_Problem requirements_
The reply is a verbatim copy of the listing below with its images dropped.

_Supplied material_
---
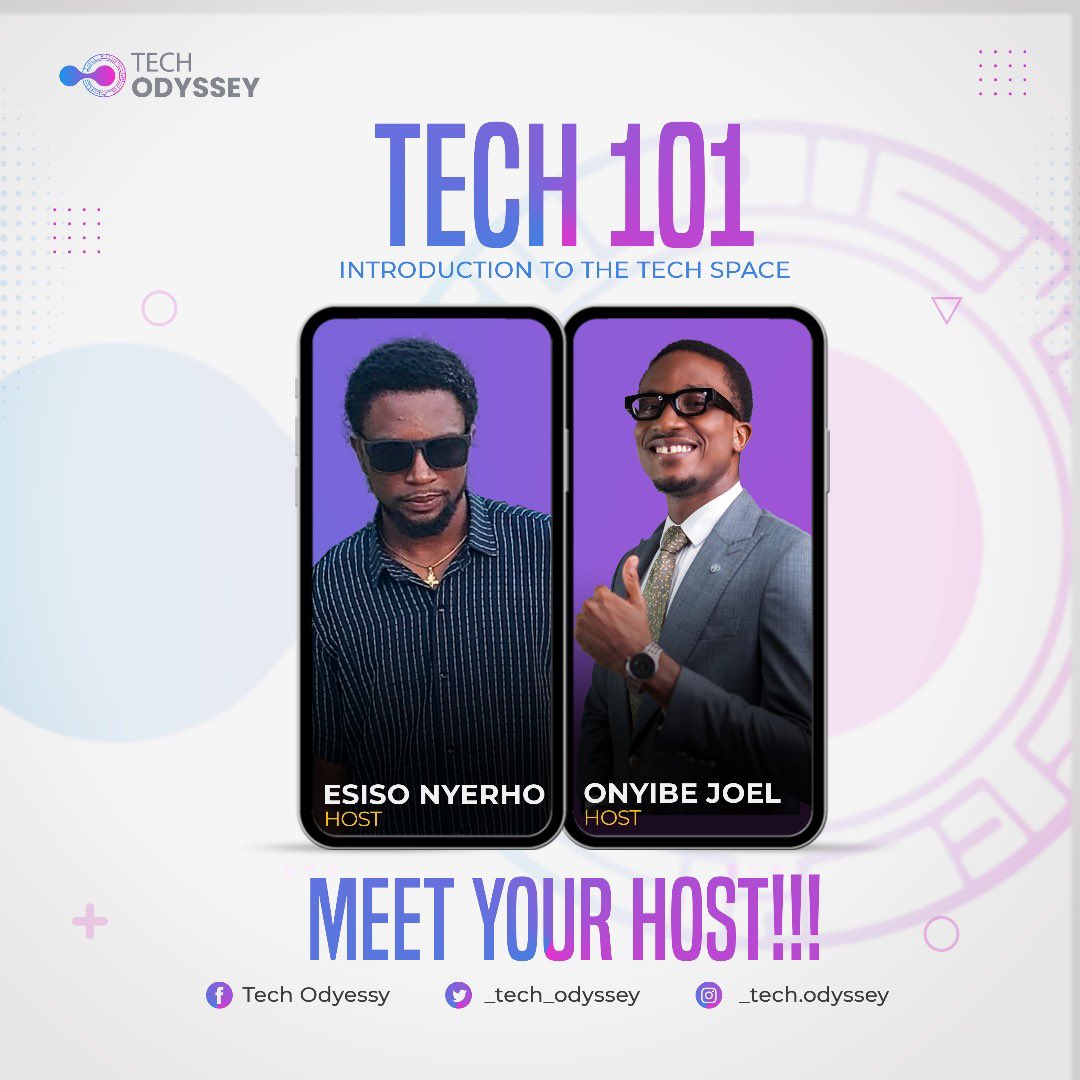_tech_odyssey's tweet photo. Meet the faces of #Tech101!
Esiso Nyerho & Onyibe Joel are ready to guide you into the tech space like never before.
#TechOdyssey #MeetYourHost #TechForEveryone @_tech_odyssey
@JustJoelBanks https://t.co/8FXeOr2R9u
---
_Solved problem_
_tech_odyssey's tweet photo. Meet the faces of #Tech101!
Esiso Nyerho & Onyibe Joel are ready to guide you into the tech space like never before.
#TechOdyssey #MeetYourHost #TechForEveryone @_tech_odyssey
@JustJoelBanks https://t.co/8FXeOr2R9u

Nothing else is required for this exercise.